Zu den Wiederholungstätern 2018 gehörten Lisa Hannigan, Gisbert zu Knipphausen (Foto), Philipp Poisel, Public Service Broadcasting, Someday Jacob, Villagers, Nils Frahm, White Wine, Kettcar (Foto unten) und vermutlich auch noch andere, an deren Auftritte der Vorjahre ich mich allerdings nicht mehr erinnere, ohne bei Google nachzugucken.





Neu beim Haldern 2018 aber unter anderem Protomatyr, eine Band aus Detroit, die wohl zum ersten Male überhaupt in Deutschland spielte. Ohnehin gab es wieder etliche sehr vielversprechende Newcomer, die international hoch gehandelt werden wie Jonathan Bree, Tamino, Lewsberg oder Alabaster de Plume, von denen wir alle noch viel hören werden.


In modischer Hinsicht war  Glitzer- Schminke neu, während Renner der Vorjahre wie Seifenblasen und auf dem Rücken getragene winzige Turnbeutel out zu sein scheinen. Der Spielort Jugendheim war wohl nicht ganz neu, obwohl er mir in den Vorjahren nicht aufgefallen ist. Allerdings war ich heuer kein Mal da drin, obwohl so interessante Künstler wie Seamus Fogarty oder Nilüfer Yanya dort auftraten.


Aber das ist eine Sache, die leider immer für mich zum Haldern Pop dazugehört: ich verpasse Bands, die ich liebend gerne gesehen hätte! Teilweise liegt es an zeitlichen Überschneidungen mit anderen Konzerten, teilweise an Kraftmangel, manchmal auch an Essenspausen, die auch sein müssen um durchzuhalten. Oder aber meine Anreise verspätet sich. Ein Klassiker! Wie oft stand ich Donnerstags mittags auf der Anreise im Stau und kam später als gewollt an?

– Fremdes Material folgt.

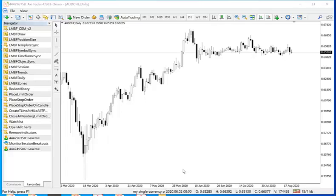In this video I would like to show you how to use the LMBF time frame sync indicator. This is going to be used so that I can have multiple charts open for different symbols but on the same time frame.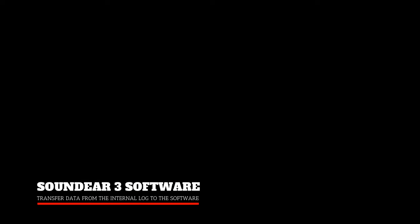This video will guide you through the simple steps of exporting log files from the internal memory of the Soundear 3 and importing them into the Soundear software using a USB key.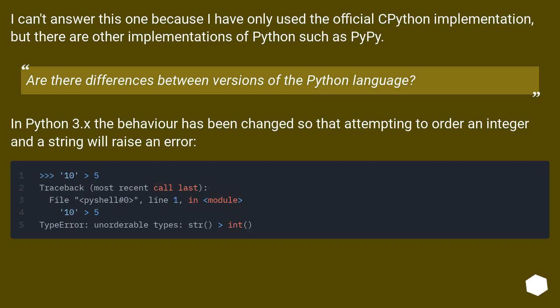Are there differences between versions of the Python language? In Python 3.x the behavior has been changed so that attempting to order an integer and a string will raise an error.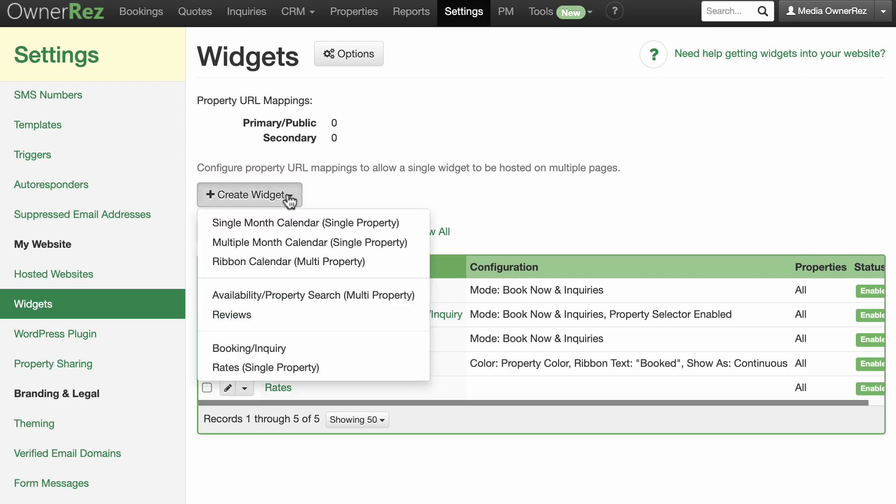The drop-down menu lists all the available widgets. For this example, we'll make a Reviews widget that will pull all your reviews from OwnerRes and display them on whichever page you paste the embed code to.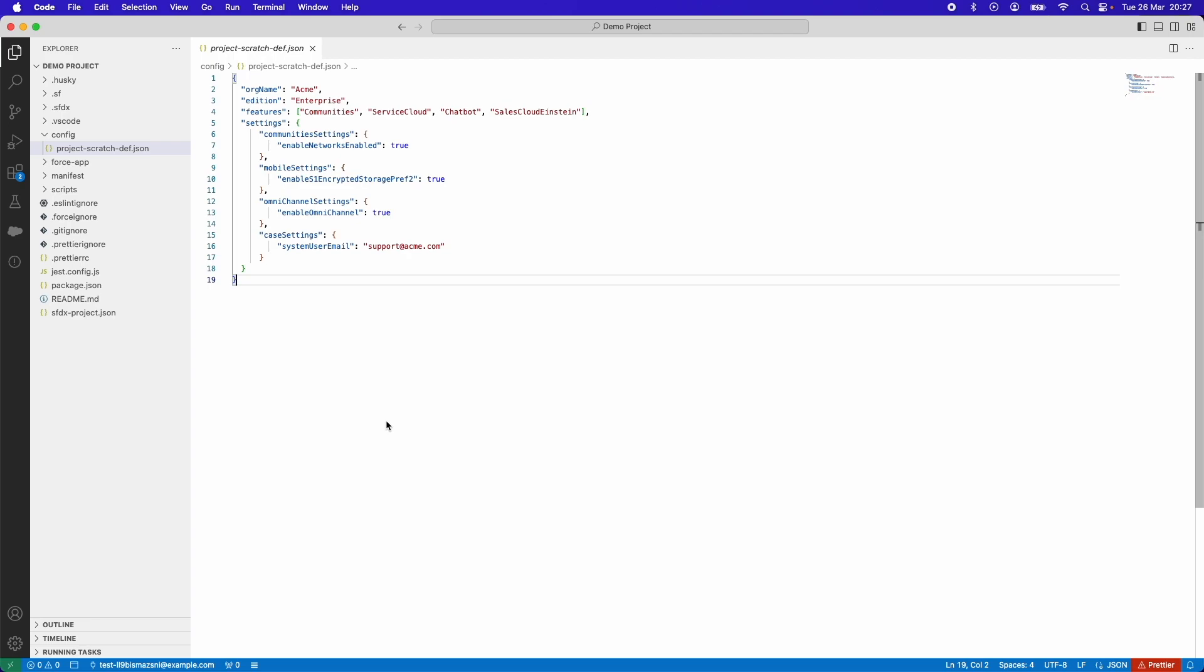Using Visual Studio Code, you can easily define features and settings for a scratch org and create it. In order to do this, Visual Studio Code has to be connected to your developer hub.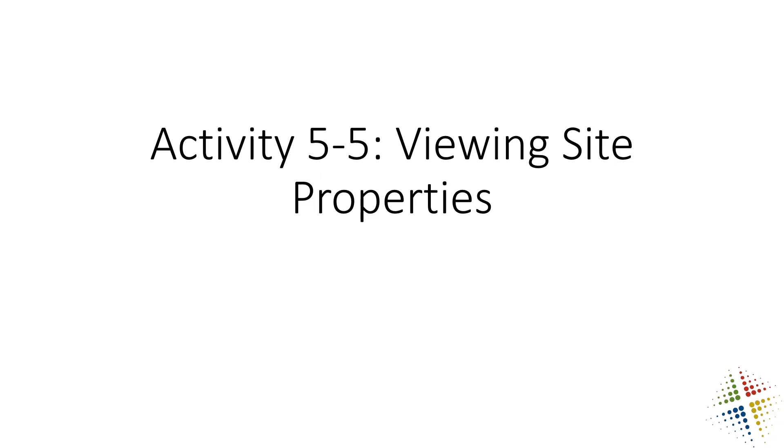In this video, we're going to continue with activity 5.5, viewing our Active Directory site properties.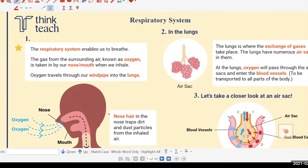The body system notes are very important because you will need these for revision whenever you have a test in school or before your exams. Please look through the notes first. I'll show you what to take note of for the notes itself.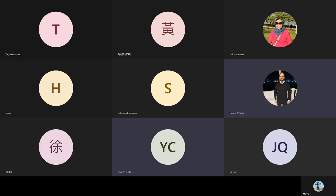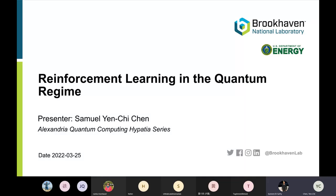Welcome everyone. Today's talk is about reinforcement learning in the quantum regime. Our presenter is Samuel Yen-Chi Chen, an assistant computational scientist at Brookhaven National Laboratory. His PhD from National Taiwan University was in hybrid quantum-classical machine learning. His current research interests include quantum reinforcement learning, quantum machine learning for high energy physics, and adversarial machine learning. The floor is yours.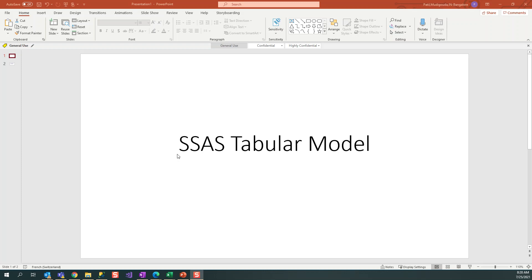Hello guys, welcome to SSAS Tabular Model video tutorial. In last videos we have seen how to create images within SSAS Tabular Model, how to create partitions, relationships between tables, importing tables, and comparing between tabular and multidimensional cube. Today we will see once we deployed SSAS cube to server.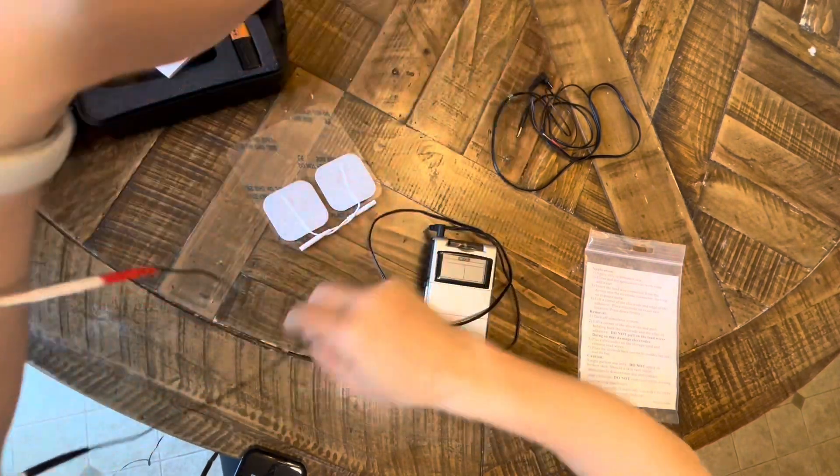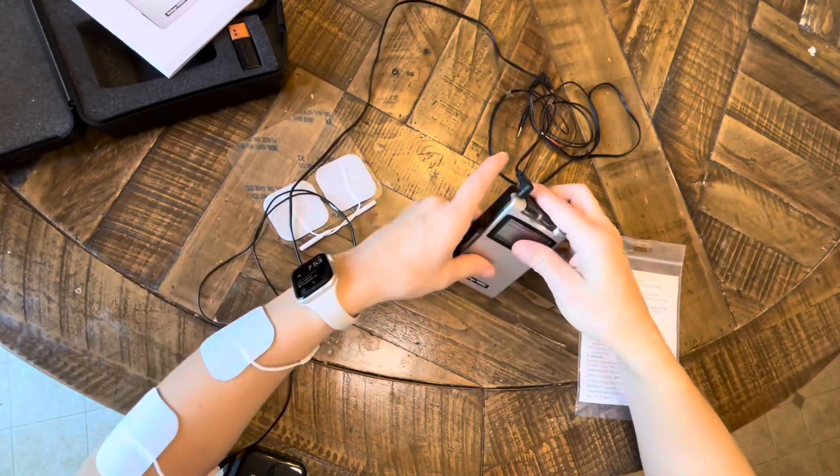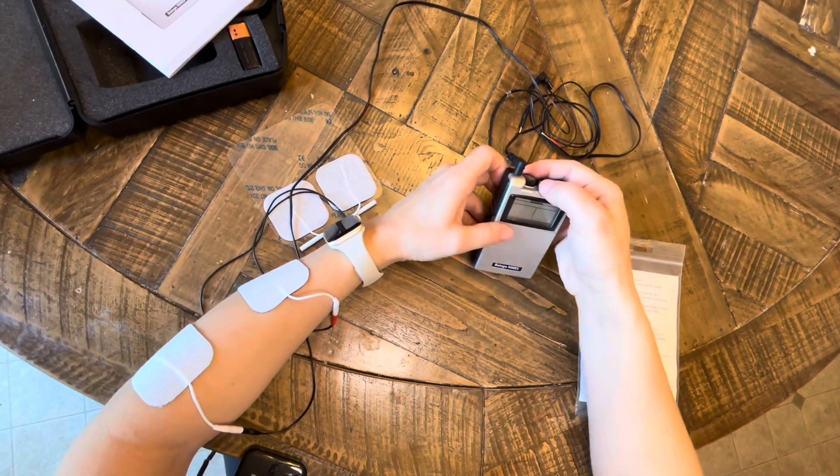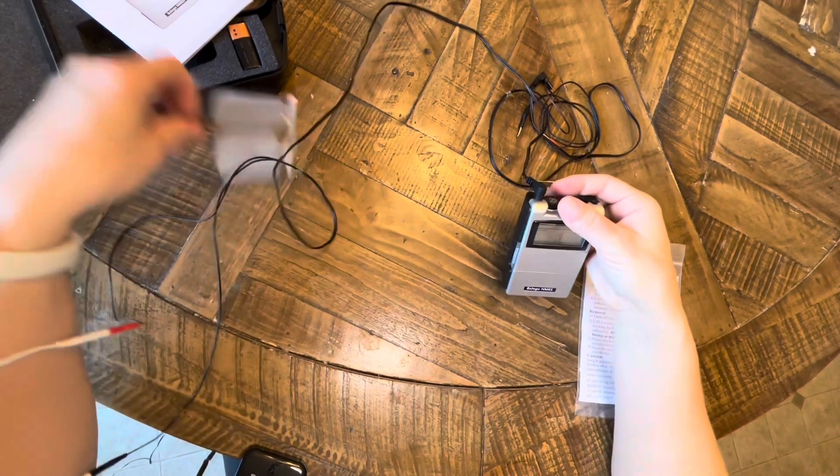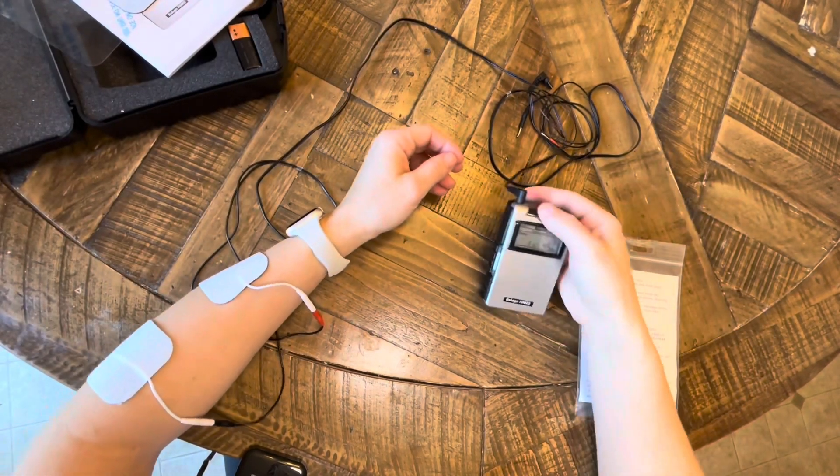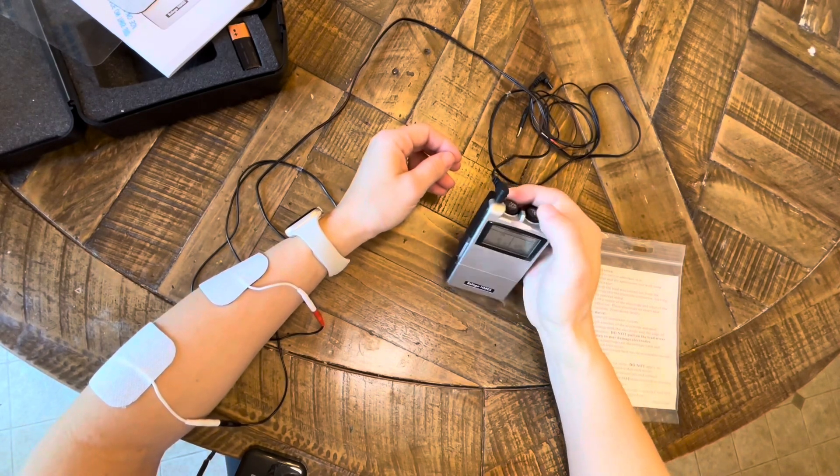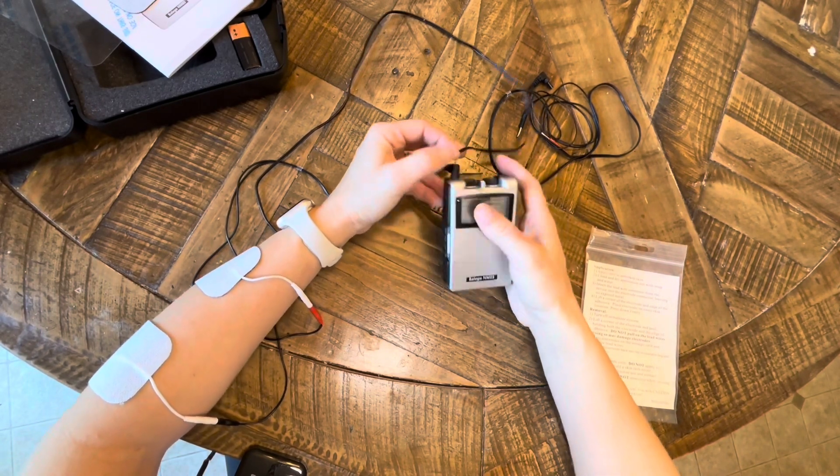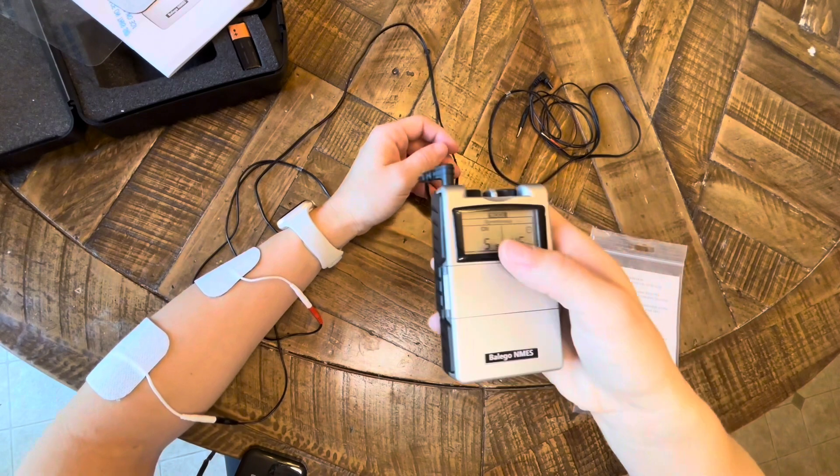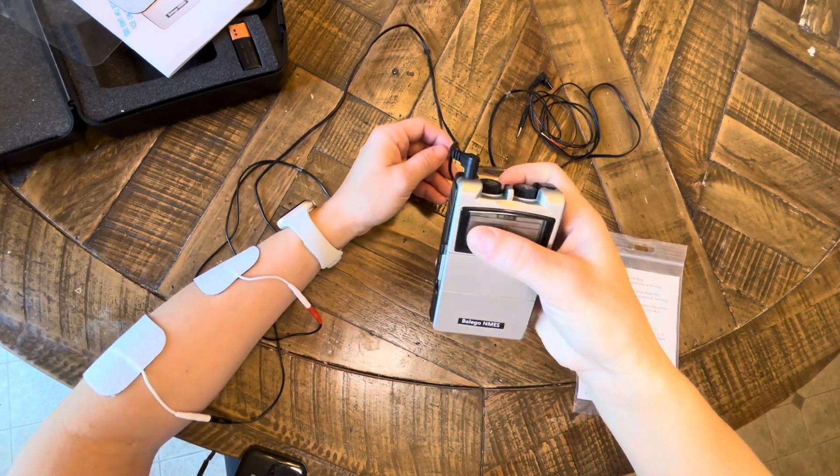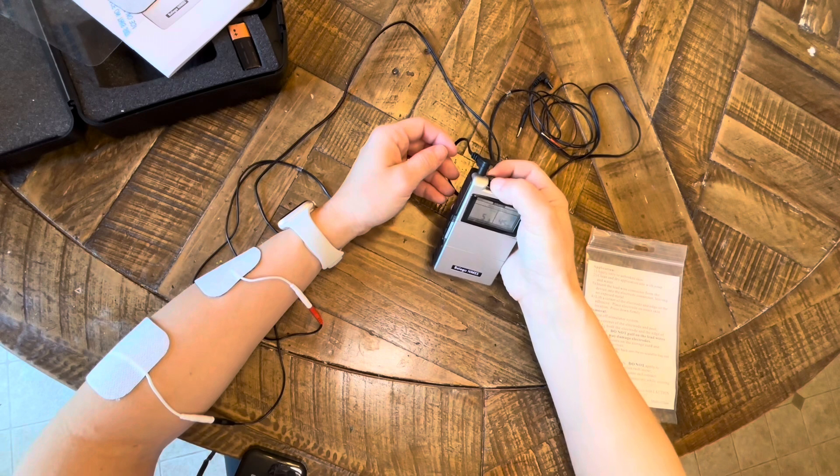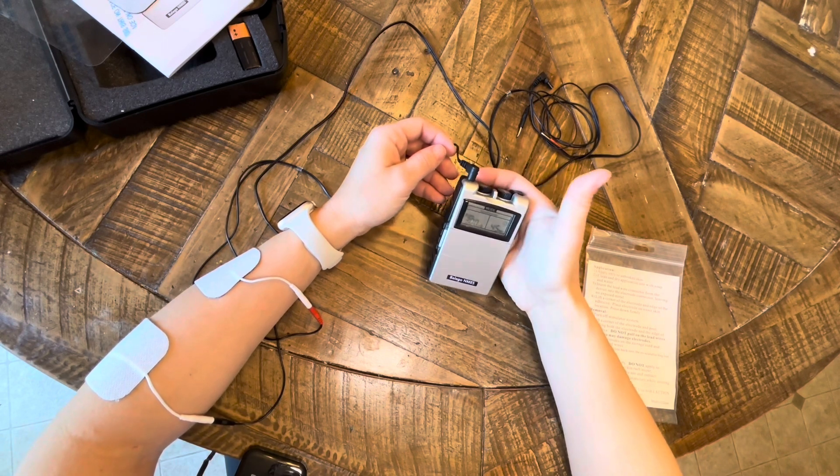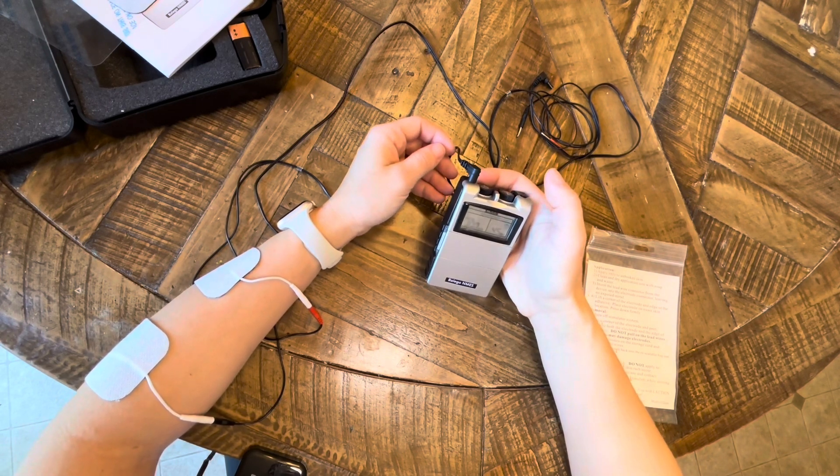So now that my electrodes are on and everything's connected, I'll turn the dial to turn it on. All my parameters are set to the same thing that it was when I last used it. The CH—that's for channel—that will flash when my e-stim is on, so that's when I will actually turn up the intensity.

Zu oft! 2018 war mir der Verkehr auf der Autobahn allerdings schnuppe, denn ich fuhr von Paris aus mit dem Zug und besitze gar kein Auto mehr. Der Zug von Köln nach Haldern hatte allerdings auch eine Stunde Verspätung. Die Umsteigemöglichkeiten waren ebenfalls wenig attraktiv und so kam ich statt 17Uhr30 erst gegen 18Uhr30 am Halderner Bahnhof an. Die bezaubernde Irin Lisa Hannigan, die in der Kirche von 17h20 bis 18Uhr10 angesetzt war, verpasste ich somit schon einmal komplett. Frustriert  schleppte ich mein schweres Gepäck und meinen schweren Körper durch den kleinen Dorfkern und dann über Feldradwege zum Gelände, checkte im Kiosk ein und bekam mein Pressebändchen mit Fotopas, wie immer flott und reibungslos.



Von Big Thief (Archivbild von mir) aus Brooklyn, auf die ich mich im Vorfeld wahnsinnig gefreut hatte, bekam ich aber nur noch die letzten 2 bis 3 Lieder draussen auf der Wiese vor dem Spiegeltent mit. Unter anderem gab es die Perle Mythological Beauty zu hören, aber für eine fundierte Konzertkritik reichten meine Eindrücke natürlich nicht. Da ich die Band um Adrianne Lenker allerdings schon zwei mal live sehen konnte, weiss ich wie berührend ihre Auftritte sind. Natürlich keine grosse Show, kein Rumgehüpfe, dafür aber viel Authentizität, Intimität, Weltschmerz und Zartheit. Ihr Album Capacity war eines der besten im Jahre 2017, im Herbst 2018 wird nun aber erst einmal ein Soloalbum von Adrianne erscheinen.



Um 19 Uhr war die Zeit der Briten Public Service Broadcasting auf der Hauptbühne gekommen. Die Burschen hatten wir ja damals auf der inzwischen nicht mehr existierenden Beergarden Stage kennen-und lieben gelernt. Die drei Alben der Band hatte ich dennoch seitdem nicht gehört, weil ich einfach mit den ganzen Veröffentlichungen nicht hinterherkomme. Damals war es noch ein Duo, heuer ist es ein Trio, bestehend aus Burschen mit den Phantasienamen J. Willgoose Esq., Wrigglesworth et JF Abraham. Gerade der 2017 hinzugestossene Bassist JF Abraham machte mir unglaublich viel Spass! Er versprühte eine Spielfreude, dass ich nur noch bekifft grinsen konnte! Wahnsinn wie gut gelaunt er war, wie er das Publikum mitriss! 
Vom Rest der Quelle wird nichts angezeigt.